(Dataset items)
====
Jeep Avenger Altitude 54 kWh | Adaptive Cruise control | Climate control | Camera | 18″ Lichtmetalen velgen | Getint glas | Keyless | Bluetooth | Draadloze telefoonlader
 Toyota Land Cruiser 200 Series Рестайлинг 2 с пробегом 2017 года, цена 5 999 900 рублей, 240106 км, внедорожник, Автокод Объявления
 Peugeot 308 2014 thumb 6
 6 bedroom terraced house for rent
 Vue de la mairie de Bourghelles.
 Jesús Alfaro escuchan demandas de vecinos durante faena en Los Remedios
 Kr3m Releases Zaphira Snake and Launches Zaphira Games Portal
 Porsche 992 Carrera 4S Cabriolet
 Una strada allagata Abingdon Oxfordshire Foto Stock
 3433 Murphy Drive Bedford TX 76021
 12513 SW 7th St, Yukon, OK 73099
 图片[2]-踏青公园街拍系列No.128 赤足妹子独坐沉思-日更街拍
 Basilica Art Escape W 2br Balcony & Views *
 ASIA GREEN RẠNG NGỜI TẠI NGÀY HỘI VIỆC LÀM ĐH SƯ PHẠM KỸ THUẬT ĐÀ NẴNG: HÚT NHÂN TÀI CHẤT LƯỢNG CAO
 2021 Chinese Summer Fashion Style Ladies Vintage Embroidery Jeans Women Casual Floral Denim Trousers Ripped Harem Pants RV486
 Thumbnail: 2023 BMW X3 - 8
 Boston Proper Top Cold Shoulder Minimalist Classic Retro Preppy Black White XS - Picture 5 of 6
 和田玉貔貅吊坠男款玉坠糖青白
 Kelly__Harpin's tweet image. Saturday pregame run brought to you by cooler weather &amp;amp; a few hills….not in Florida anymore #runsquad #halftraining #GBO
====
> [WHAT YOU HAVE TO DO] Every entry, from top to bottom, should be repeated word for word.

> [EXERCISE OUTPUT]
Jeep Avenger Altitude 54 kWh | Adaptive Cruise control | Climate control | Camera | 18″ Lichtmetalen velgen | Getint glas | Keyless | Bluetooth | Draadloze telefoonlader
 Toyota Land Cruiser 200 Series Рестайлинг 2 с пробегом 2017 года, цена 5 999 900 рублей, 240106 км, внедорожник, Автокод Объявления
 Peugeot 308 2014 thumb 6
 6 bedroom terraced house for rent
 Vue de la mairie de Bourghelles.
 Jesús Alfaro escuchan demandas de vecinos durante faena en Los Remedios
 Kr3m Releases Zaphira Snake and Launches Zaphira Games Portal
 Porsche 992 Carrera 4S Cabriolet
 Una strada allagata Abingdon Oxfordshire Foto Stock
 3433 Murphy Drive Bedford TX 76021
 12513 SW 7th St, Yukon, OK 73099
 图片[2]-踏青公园街拍系列No.128 赤足妹子独坐沉思-日更街拍
 Basilica Art Escape W 2br Balcony & Views *
 ASIA GREEN RẠNG NGỜI TẠI NGÀY HỘI VIỆC LÀM ĐH SƯ PHẠM KỸ THUẬT ĐÀ NẴNG: HÚT NHÂN TÀI CHẤT LƯỢNG CAO
 2021 Chinese Summer Fashion Style Ladies Vintage Embroidery Jeans Women Casual Floral Denim Trousers Ripped Harem Pants RV486
 Thumbnail: 2023 BMW X3 - 8
 Boston Proper Top Cold Shoulder Minimalist Classic Retro Preppy Black White XS - Picture 5 of 6
 和田玉貔貅吊坠男款玉坠糖青白
 Kelly__Harpin's tweet image. Saturday pregame run brought to you by cooler weather &amp;amp; a few hills….not in Florida anymore #runsquad #halftraining #GBO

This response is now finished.